Why does it deadlock? Can I do anything about it? There are no repsets, no repset tables, no nodes, nothing in any pglogical.* table.

depesz commented 1 year ago

Found that there are MANY rows in pg_depend that relate to pglogical extension:

=# select classid::regclass, count(*) from pg_depend where refclassid = 'pg_extension'::regclass and refobjid = (select oid from pg_extension where extname = 'pglogical') group by 1;
  classid   │ count
════════════╪═══════
 pg_proc    │    39
 pg_class   │    12
 pg_trigger │  2638
(3 rows)

All dependencied with pg_class classid were to tables in pglogical schema.

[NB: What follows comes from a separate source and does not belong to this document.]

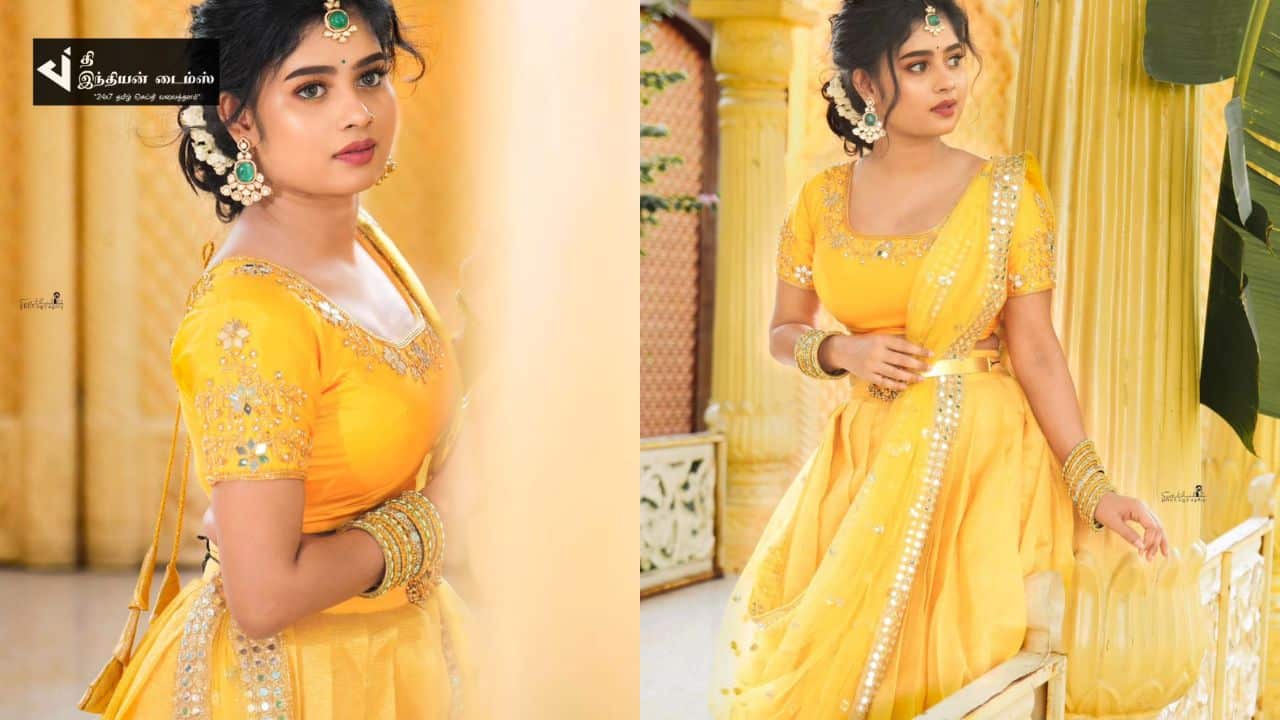 மணப்பெண் கோலத்தில் BIGGBOSS ஜனனியின் அழகிய புகைப்படங்கள்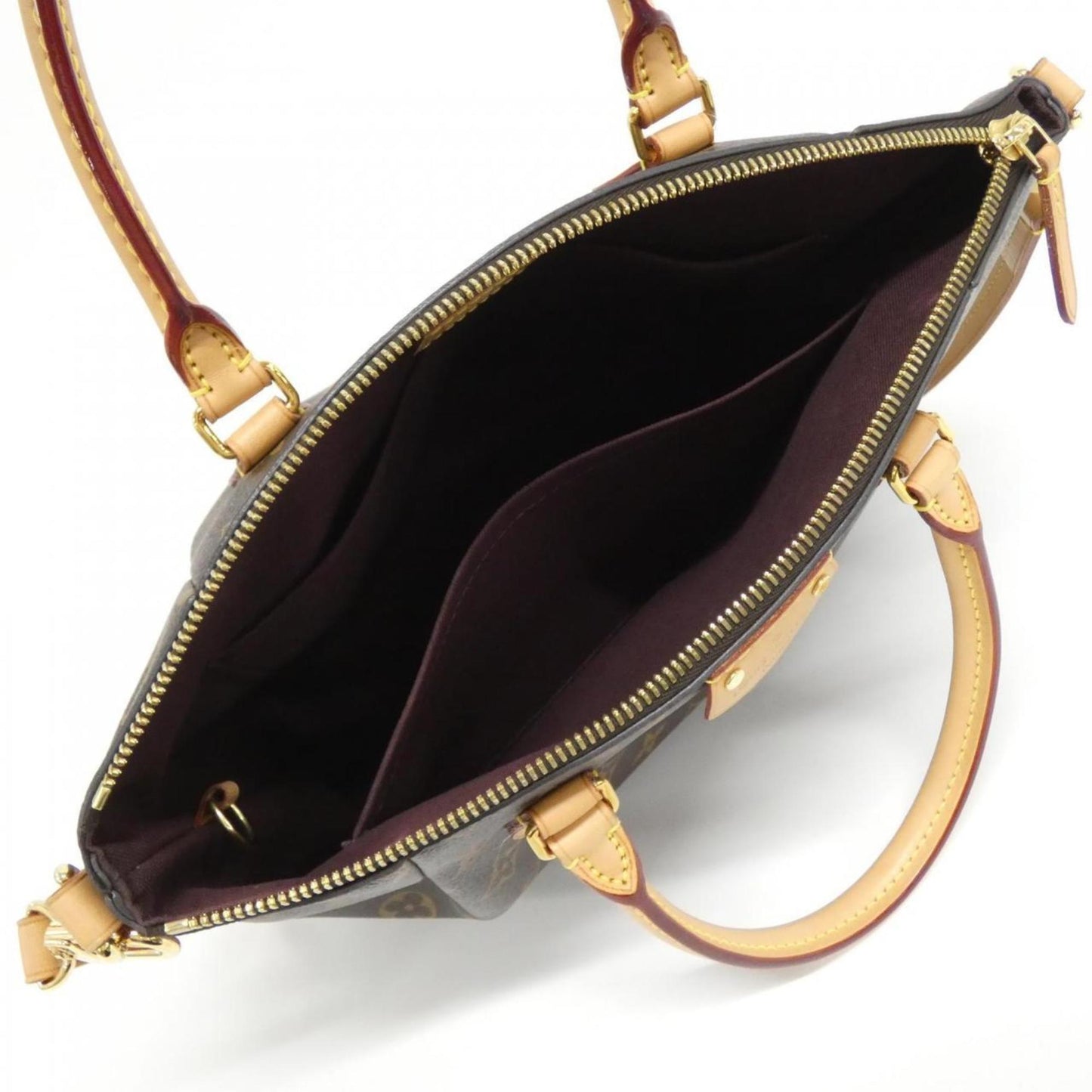 Louis Vuitton Coated Canvas Brown Handbags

pg_proc - relates to pglogical.* functions.

But the pg_trigger is weird. There point to triggers that I don't see in \d output. For example:

=# \d some_schema.schema_migrations
          Table "some_schema.schema_migrations"
 Column  │          Type          │ Collation │ Nullable │ Default
═════════╪════════════════════════╪═══════════╪══════════╪═════════
 version │ character varying(255) │           │ not null │
Indexes:
    "schema_migrations_pkey" PRIMARY KEY, btree (version), tablespace "data1"
Tablespace: "data1"

=# select t.* from pg_depend d join pg_trigger t on d.objid = t.oid where d.refclassid = 'pg_extension'::regclass and d.refobjid = (select oid from pg_extension where extname = 'pglogical') and d.classid = 'pg_trigger'::regclass and t.tgrelid = 'some_schema.schema_migrations'::regclass \gx
─[ RECORD 1 ]──┬──────────────────────────────────
oid            │ 1625487005
tgrelid        │ 28469
tgname         │ queue_truncate_trigger_1625487005
tgfoid         │ 1625485293
tgtype         │ 32
tgenabled      │ O
tgisinternal   │ t
tgconstrrelid  │ 0
tgconstrindid  │ 0
tgconstraint   │ 0
tgdeferrable   │ f
tginitdeferred │ f
tgnargs        │ 0
tgattr         │
tgargs         │ \x
tgqual         │ [null]
tgoldtable     │ [null]
tgnewtable     │ [null]

pg_dump -s also doesn't show these triggers?!

depesz commented 1 year ago

OK. So, after some thinking, I did:

select format('drop trigger %I ON %s;', tgname, tgrelid::regclass::text) from pg_trigger  where tgname ~ 'queue_truncate_trig' \gexec

and then drop extension pglogical;, and it seems to work fine.

Perhaps it could be added to pglogical to remove obsolete triggers? Or maybe I missed mention in docs about it?